Fora do Museu da Resistência em Baalbek (um museu que homenageia o Hezbollah e seus aliados, entre os quais os ayatollahs do Irão mas, também, Qasem Soleimani, líder da Força Quds assassinado em Bagdade, e o Grande Ayatollah Ali Sistani, o homem mais influente do Iraque) diria que não querem nada disso, os homens e as mulheres do Líbano (infelizmente, também não parecem muito tocados com a desgovernação). Querem (antes) voltar lá de onde trabalham, apanhar um avião para passarem as férias em casa, soltar lágrimas pelo Aeroporto de Beirute (só falta que passem a esfregona no chão molhado), apresentando cedo aos filhos bebés, “bebé (habibi), este é o som do terror, e caça, este é o meu filho”, o ruído de que não se fala (o horror). Os que já cá estão querem (antes) receber estes.
A cidade que foi sempre uma bomba Ninguém repara (já ninguém repara, nunca ninguém reparou?) que a Avenida que recebe os recém-chegados ao Líbano se chama “Imam Khomeini” (quem?). Esse nome não lhes inspira temor ou medo, e quem sabe já nem se recordem de como era o rosto do Ayatollah (há quem diga que tinha ar de bonzinho), que comandou uma revolução a partir dos arredores de Paris. Associam apenas essas duas palavras, “Imam”, “Khomeini”, à sensação de que faltam quinze… dez… cinco minutos para reverem as suas famílias, com quem cresceram em lugares talhados para servirem de montanha verdejante à França (mais ou menos felizes a saltitar nos escombros de uma guerra civil).

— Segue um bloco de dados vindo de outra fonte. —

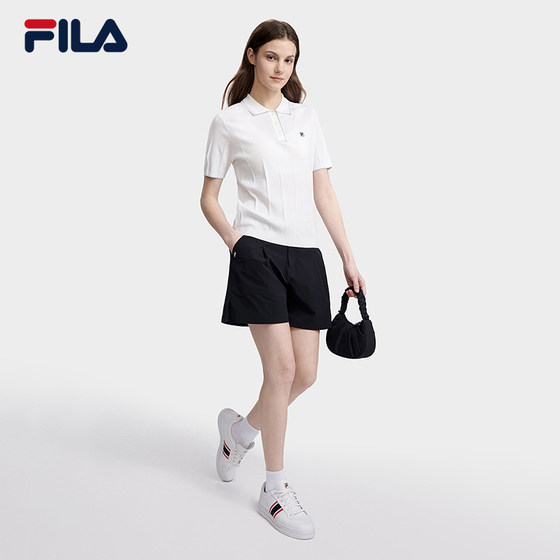 FILA 여성용 공식 니트 스웨터 2023 여름 심플 패션 캐주얼 통근 폴로 칼라 반팔 탑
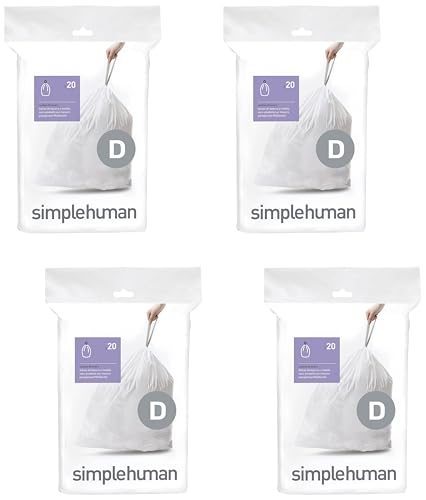 Image of simplehuman CW0163 20L, 20 Liners, White - Code D (Pack of 4)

“Os soldados empenham-se na guerra enquanto os povos estão em paz”. Assenta-lhe bem, a Beirute, ou não?, nascida das cinzas de conflitos horrendos, paralisada e manietada por jogos de interesses que esvaziam a importância do sangue dos mártires. Este ditado foi escrito em honra de Beirute, embora corresse por boca, mais ou menos nestes termos, no tempo de Saladino. É mau que lhe assente, porque passaram muitos anos, e o homem civilizou-se, e a sociedade fechou um contrato (mas e se já ninguém acreditar num contrato, ele não deixa de o ser e não se esfuma, criando novas cinzas para que quem quiser, se quiser, volte a erguer uma cidade?).
A paz é uma mentira, ontem como hoje, e não são diferentes os mentirosos, os que empunham a espada e se vergam ao céu, à cruz ou ao crescente. Mortos, os mentirosos são todos iguais, por mais querubins com que adornem as campas, ou por mais que insistam em fazê-las austeras, que é um símbolo de poder. Pouco se sabe desses mortos, mas dos vivos sim, sabe-se, deixam de acreditar e de querer, perdem a vontade e rasgam contratos, entregam o poder nas mãos de quem pagar mais – de quem lhes der uma cama no hospital ou duas horas de luz, que valem mais do que estampar um cartaz, e é por isso que os cartazes podem ser arrancados e foram, e não recebem os emigrantes e os turistas. Pois bem, e se a cidade sempre foi uma bomba, porque não pode continuar a ser uma bomba, armadilhada, acumulando tensão, prometendo (tic-tac, tic-tac) forçar um outro recomeço? Quando me dizem que Sodoma era mais para lá, eu respondo que com certeza era mais para cá, e já vejo as estátuas.